When using "keep-alive" connections, I would expect that as soon as a request is resolved, the connection that handled the request would be available and can handle the next request in the globalAgent's queue.
Instead, however, it appears that each connection up to the max number is resolved before any additional queued requests are handled.
When watching networking traffic between components, we see that if maxSockets is 10, then 10 requests resolve successfully. Then there is a pause 3-5 second pause (presumably while new tcp connections are established), then 10 more requests resolve, then another pause, etc.
This seems wrong. Node is supposed to excel at handling a high volume of concurrent requests. So if, even with 1000 available socket connections, if request 1000 cannot be handled until 1-999 resolve, you'd hit a bottleneck. Yet I can't figure out what we're doing incorrectly.
Update
Here's an example of how we're making requests -- though it's worth noting that this behavior occurs whenever a node process makes an http request, including when that request is initiated by widely-used third-party libs. I don't believe it is specific to our implementation. Nevertheless...
class Client
constructor: (@endpoint, @options = {}) ->
@endpoint = @_cleanEndpoint(@endpoint)
throw new Error("Endpoint required") unless @endpoint && @endpoint.length > 0
_.defaults @options,
maxCacheItems: 1000
maxTokenCache: 60 * 10
clientId : null
bearerToken: null # If present will be added to the request header
headers: {}
@cache = {}
@cards = new CardMethods @
@lifeStreams = new LifeStreamMethods @
@actions = new ActionsMethods @
_cleanEndpoint: (endpoint) =>
return null unless endpoint
endpoint.replace /\/+$/, ""
_handleResult: (res, bodyBeforeJson, callback) =>
return callback new Error("Forbidden") if res.statusCode is 401 or res.statusCode is 403
body = null
if bodyBeforeJson and bodyBeforeJson.length > 0
try
body = JSON.parse(bodyBeforeJson)
catch e
return callback( new Error("Invalid Body Content"), bodyBeforeJson, res.statusCode)

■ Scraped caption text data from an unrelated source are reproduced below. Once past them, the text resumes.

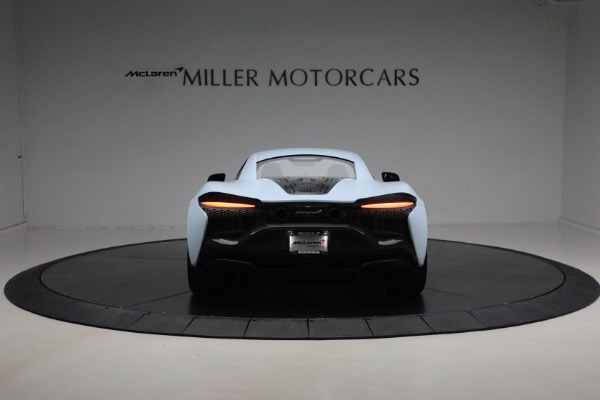 Used 2023 McLaren Artura Vision for sale Sold at Alfa Romeo of Greenwich in Greenwich CT 06830 6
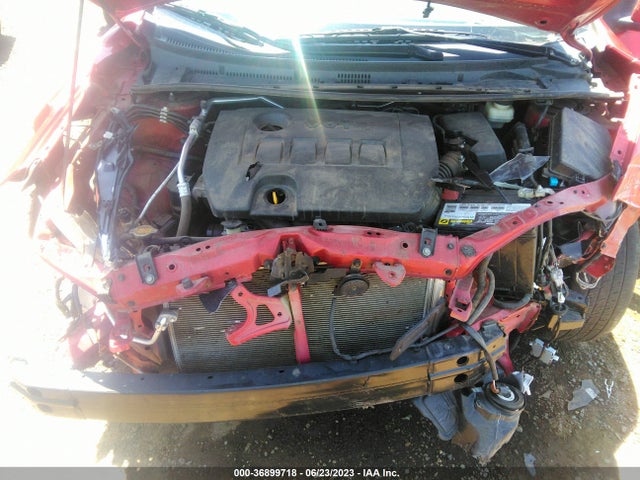 Toyota Corolla L/le/s/s Plus/le Plus 2016 2T1BURHE4GC638365 Image 16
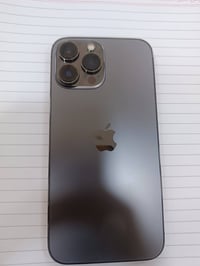 ايفون 13 برو ماكس 256 • بطارية 88 • بالكرتونه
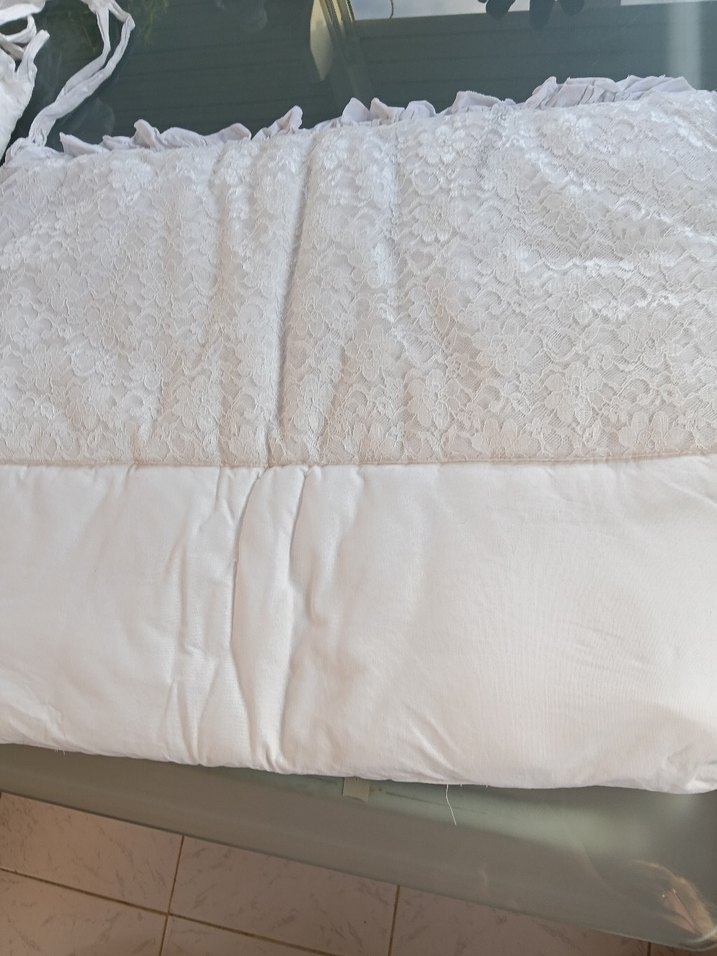 bebek yatağı kenar koruyucu - Görsel 5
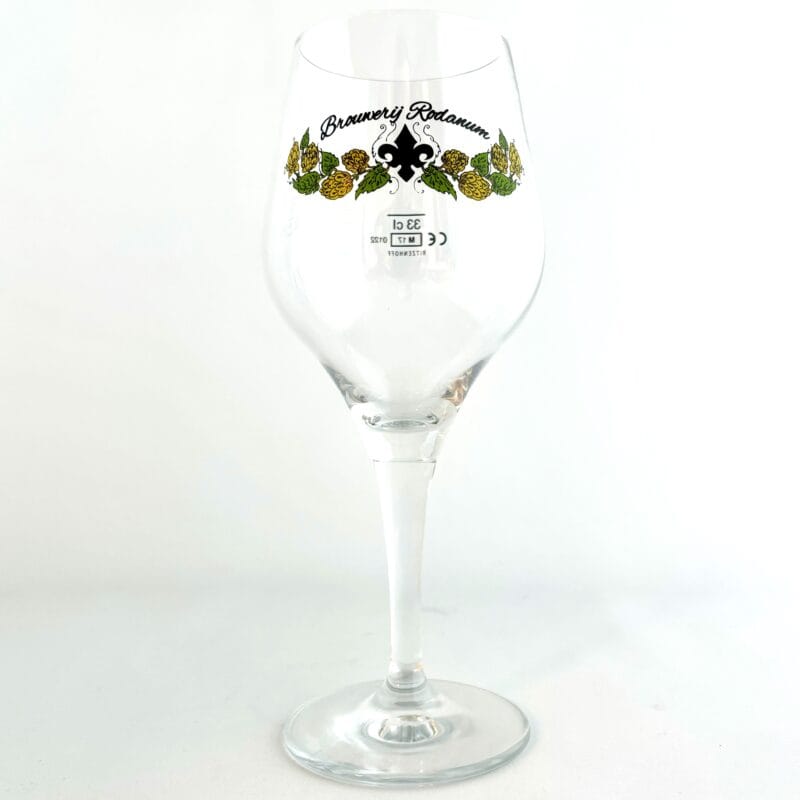 Biertainment glas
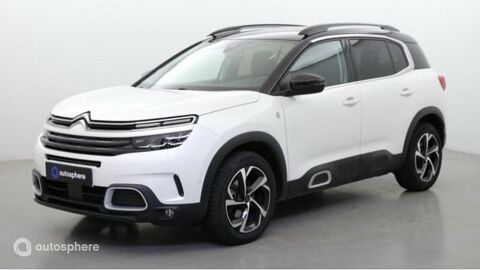 Citro&euml;n C5 aircross BlueHDi 130ch S&S C-Series E6.d 130g 2021 occasion Niort 79000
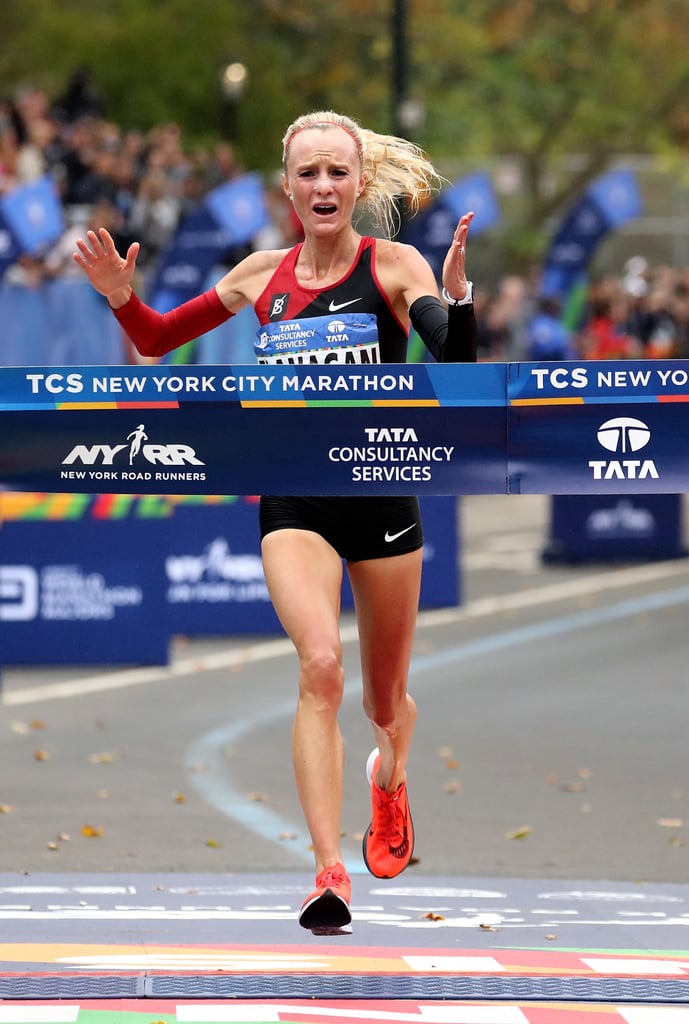 Shalane Flanagan Wins the 2017 NYC Marathon POPSUGAR Fitness Photo 4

return callback(new Error(if body then body.message else "Request failed.")) unless res.statusCode >= 200 && res.statusCode < 300
callback null, body, res.statusCode
_reqWithData: (method, path, params, data, headers = {}, actor, callback) =>
headers['Content-Type'] = 'application/json' if data
headers['Accept'] = 'application/json'
headers['authorization'] = "Bearer #{@options.bearerToken}" if @options.bearerToken
headers['X-ClientId'] = @options.clientId if @options.clientId
# Use method override (AWS ELB problems) unless told not to do so
if (not config.get('clients:useRealHTTPMethods')) and method not in ['POST', 'PUT']
headers['x-http-method-override'] = method
method = 'POST'
_.extend headers, @options.headers
uri = "#{@endpoint}#{path}"
#console.log "making #{method} request to #{uri} with headers", headers
request
uri: uri
headers: headers
body: if data then JSON.stringify data else null
method: method
timeout: 30*60*1000
, (err, res, body) =>
if err
err.status = if res && res.statusCode then res.statusCode else 503
return callback(err)
@_handleResult res, body, callback
To be honest, coffeescript isn't my strong point so can't comment really on the code.
However, I can give you some thoughts: in what we are working on, we use nano to connect to cloudant and we're seeing up to 200requests/s into cloudant from a micro AWS instance. So you are right, node should be up to it.
Try using request https://github.com/mikeal/request if you're not already. (I don't think it will make a difference, but nevertheless worth a try as that is what nano uses).
These are the areas I would look into:
The server doesn't deal well with multiple requests and throttles it. Have you run any performance tests against your server? If it can't handle the load for some reason or your requests are throttled in the os, then it doesn't matter what your client does.
Your client code has a long running function somewhere which prevents node processing any reponses you get back from the server. Perhaps 1 specific response causes a response callback to spend far too long.
Are the endpoints all different servers/hosts?